Your answer should be the full data, transcribed exactly, with no pictures in it.

- Data section
————————

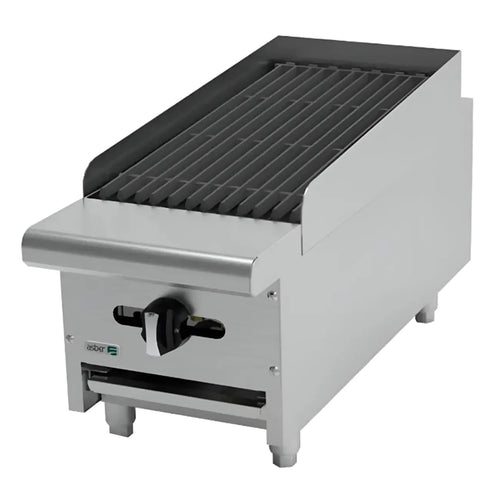 Asador a Gas con Piedra Volcánica 12" ASBER AECRB-12
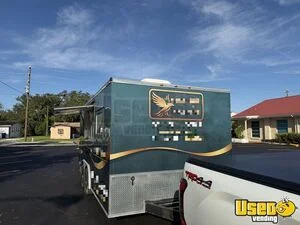 2021 8.5 ' x 16' Kitchen Food Concession Trailer with  Fire Suppression System for Sale in Florida!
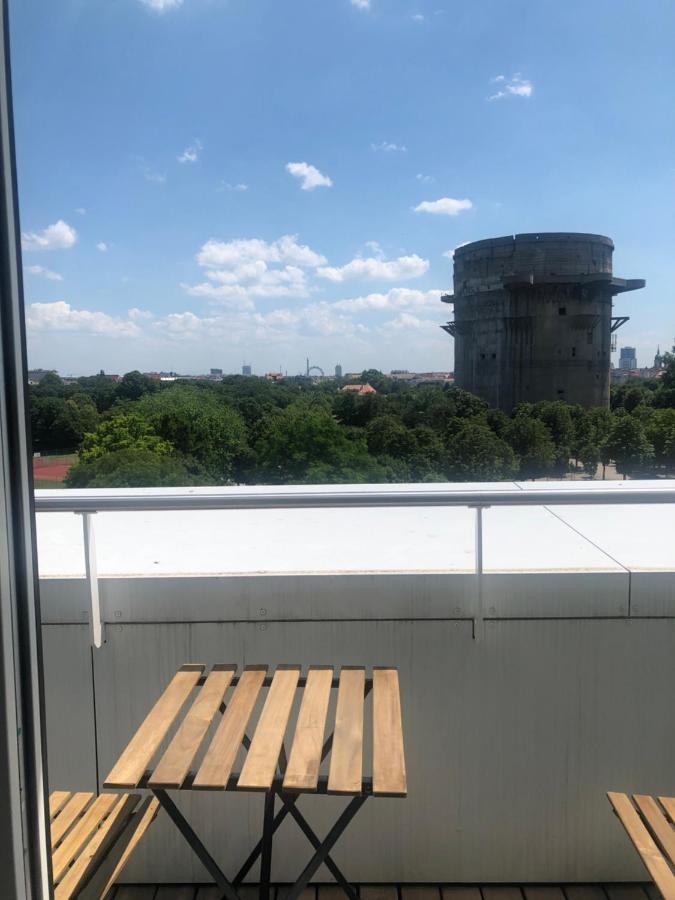 Augartenblick Penthaus 17 - Blick Zum Riesenrad Viyana Dış mekan fotoğraf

————————

- Completed task
 Asador a Gas con Piedra Volcánica 12" ASBER AECRB-12
 2021 8.5 ' x 16' Kitchen Food Concession Trailer with  Fire Suppression System for Sale in Florida!
 Augartenblick Penthaus 17 - Blick Zum Riesenrad Viyana Dış mekan fotoğraf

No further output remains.